- Country: Botswana
- Location: North-East District
- Coordinates: 20°52′04″S 27°26′56″E﻿ / ﻿20.867795°S 27.448946°E
- Purpose: Urban water supply

Dam and spillways
- Height: 34 metres (112 ft)
- Spillway type: Ogee

Reservoir
- Total capacity: 26,000,000 cubic metres (920,000,000 cu ft)

= Ntimbale Dam =

The Ntimbale Dam is a dam on the Tati River in Botswana.
It has a capacity of 26000000 m3.

==Construction==

The dam project was assigned to Knight Piésold by the Botswana Department of Water Affairs. Piésold undertook the feasibility study in 1996–97, assisted in the tender process, prepared the detailed design and supervised construction between 2004 and 2009. The dam is a roller-compacted concrete dam 34 m high, with a central ogee spillway. PPC Cement of South Africa, which has a blending and packing plant in Gaborone, supplied the cement for the project.
The dam complex includes pump stations and a water treatment plant, and supplies water to villages in the North East District and neighboring parts of the Central District.

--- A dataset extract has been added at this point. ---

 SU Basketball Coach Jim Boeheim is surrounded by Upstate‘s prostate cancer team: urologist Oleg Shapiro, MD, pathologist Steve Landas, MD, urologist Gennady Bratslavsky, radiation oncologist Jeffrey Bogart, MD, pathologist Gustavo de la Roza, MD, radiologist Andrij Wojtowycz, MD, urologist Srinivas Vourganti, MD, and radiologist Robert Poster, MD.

The dam cost an estimated P205 million. While it was being built, a water-transfer scheme costing P280 million was undertaken to connect all of the 51 villages in the North East District. President Ian Khama commissioned the dam at a ceremony in October 2008, voicing the hope that it would meet domestic water supply needs for the next twenty years. He cautioned that people should continue to use water carefully and avoid waste.